According to Safe Routes to School, “In 1969, approximately 50% of children walked or bicycled to school, with approximately 87% of children living within one mile of school walking or bicycling. Today, fewer than 15% of schoolchildren walk or bicycle to school.” Not only does this promote a country full of overweight, inactive kids, but nowadays, as much as 30% of morning traffic can be linked to parents driving their children to schools.
This is not a healthy choice for kids and not great for the environment either. If you live close to school, kick your kids out and make them walk. If you don’t live close, public transportation is a great choice for kids who are 12 years old and up, and after that, consider starting a car-pool in your neighborhood. The major benefit of a car-pool is that it removes some traffic from the roads. Secondly, it helps save you time on days you’re not in charge of the car pool. Thirdly, it saves everyone money on gas. Lastly, it helps everyone connect to people in their neighborhood.

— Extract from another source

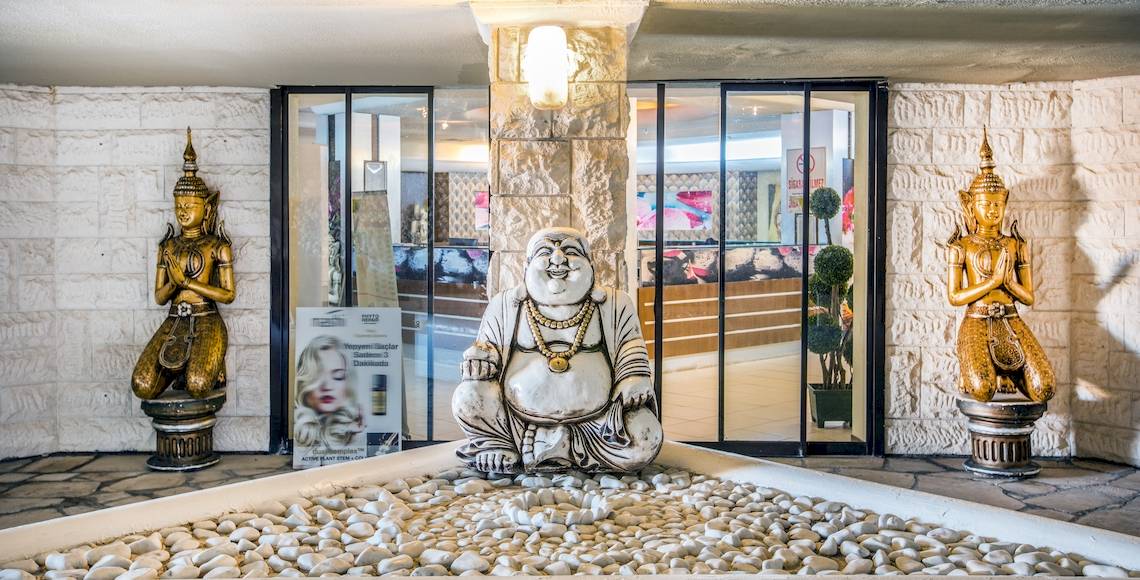 Eingangsbereich des Asteria Family Resort Belek mit goldenen Statuen und Buddha-Figur.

You may also want to consider a car-pool if your kids attend private school, as one downside of many private schools is that there’s no transportation choices. Many small schools don’t have a school bus system. It’s up to families to get their kids to school.
If you’re considering organizing a car-pool, here are some tips…
Plan for diligent or casual:
A diligent car-pool means parents pick up or drop off kids no matter what; even if their own kids are sick. Usually someone in this car-pool group has an official list created with dates and times. A casual car-pool is, well, casual. In casual car-pool groups I’ve noticed that sometime parents put off planning until the last minute. You need to choose which car-pool group you’d like to organize, because folks interested in a casual car-pool don’t tend to mingle well with the diligent folks.
Find other parents:
You can gather a group of parents you already know, or hang a flyer up at your child’s school. If you hang a flyer, make sure you put location info on it. People need to know the areas they’ll be expected to drive to. If your school already has a car-pool in place, you can ask to join.
Every decently run car-pool group needs rules, even the casual groups. Hold a meeting one evening and have all parents attend. You’ll need to discuss sick days, safety rules, rules surrounding kid behavior while with another parent and consequences (if there are any) for being late or absent. If you don’t make rules right off the bat, you’ll need to make them up as you go – which is a much harder task.